After Johnson's death in 1938, Lockwood joined forces with harmonica player Sonny Boy Williamson, and the two became the first and regular act on the legendary King Biscuit Time radio program on KFFA out of Helena. It was also around this time that Lockwood picked up an electric guitar, one of the first bluesmen to do so, and he was the first electric blues guitarist to be broadcast live.
"Me and Sonny Boy started King Biscuit Time, and I left because me and one of the stockholders wasn't gettin' along too good," Lockwood says. "But I stayed on the station and started working for another company. That's what I done when I put my band together, an all-jazz outfit, working for Mother's Best Flour Co."
Even though Lockwood can still play in the bone-chilling Johnson style whenever he chooses, his technical mastery of the guitar made his move to a jazzier sound a relatively easy and logical step. But for Lockwood, it was more an issue of expediency over experimentation.

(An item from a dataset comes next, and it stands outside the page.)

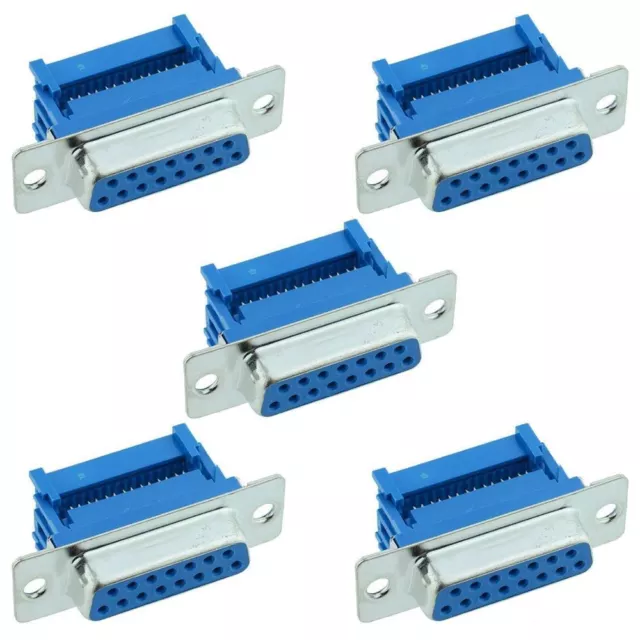 5 x 15-Way IDC Female D Socket Connector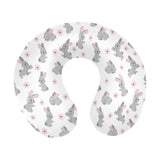 Watercolor cute rabbit pattern U-Shaped Travel Neck Pillow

"I played ten years like Robert Johnson," Lockwood says. "My first band I got was a bunch of guys that didn't play nothing but jazz. But I had a name, and I had a record out. So I had to learn how to play jazz to keep the band."
After moving to Chicago in 1950, Lockwood became the session man for Chess Records throughout the decade, recording with the biggest Chicago blues acts during that era's heyday. But it wasn't until 1970 that Lockwood recorded his first solo album, with only a handful of albums since.
"Well, I really don't like playing by myself," Lockwood explains. "I really prefer working with a band. But I was taught to play by myself by Robert Johnson, so I can do it if I want to."
And even though Lockwood has been playing and contributing to the blues for 72 years, it's only been in the past 20 that he's started to get his due. Since 1980, he's received seven W.C. Handy Awards, a National Heritage Fellowship Award, and two honorary doctorate degrees and been inducted into the Blues Hall of Fame.
But for all that the blues has contributed to modern music in this country, from Robert Johnson on down, blues musicians still find it hard to earn a living on the fringes of the music industry.